Underwater Employee Stock Options
An unprecedented period of price volatility and general decline for many companies has left employee stock options with exercise prices below the current fair market value of the underlying stock.
It is possible to reprice, exchange, or supplement employee stock options with new awards. Each approach has differing levels of legal complexity, there are pros and cons for each approach, and it is important to plan and execute these steps so that they are effective and not done repeatedly (repricing or making new awards at a value that shortly after goes underwater defeats the purpose). While employee stock options are generally intended to serve as mid- to long- term incentives, projections for how the COVID-19 situation will affect business models and stock prices are very difficult if not impossible at this time, and the extreme volatility means that new awards made today could be substantially underwater tomorrow.

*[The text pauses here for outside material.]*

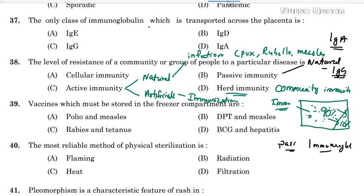To recap: Active immunity is divided into natural acquired active immunity — such as past infection with chickenpox — and artificially acquired active immunity through immunization. Passive immunity includes artificial immunity acquired through ready-made immunoglobulin.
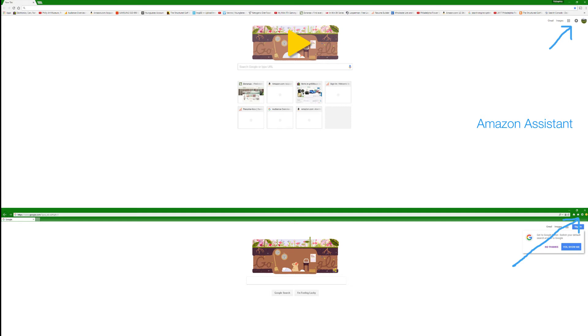but it said something about Amazon and it just was weird to me. So I saw this Amazon Assistant up there, and I certainly don't need it for anything. So I went into add/remove programs and I removed the Amazon Assistant, and bingo, the problem solved. It's been over a week,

Now might be a good time to review the equity incentives for key employees including identifying the organization’s key service providers, reviewing the equity incentives held by the key service providers (as well as the overall compensation package), and planning for what adjustments might be needed for price projections when possible. In previous downturns—2001-2002 and 2007-2008—there was a period of shock soon followed by a shopping period as cash rich acquirers realized their leverage and began to acquire talent and companies.
Performance Metrics for Incentive Bonus and Equity Award Vesting
The historic change in the economy and company performance has made many performance goals set as incentive vesting or payout measurements unattainable.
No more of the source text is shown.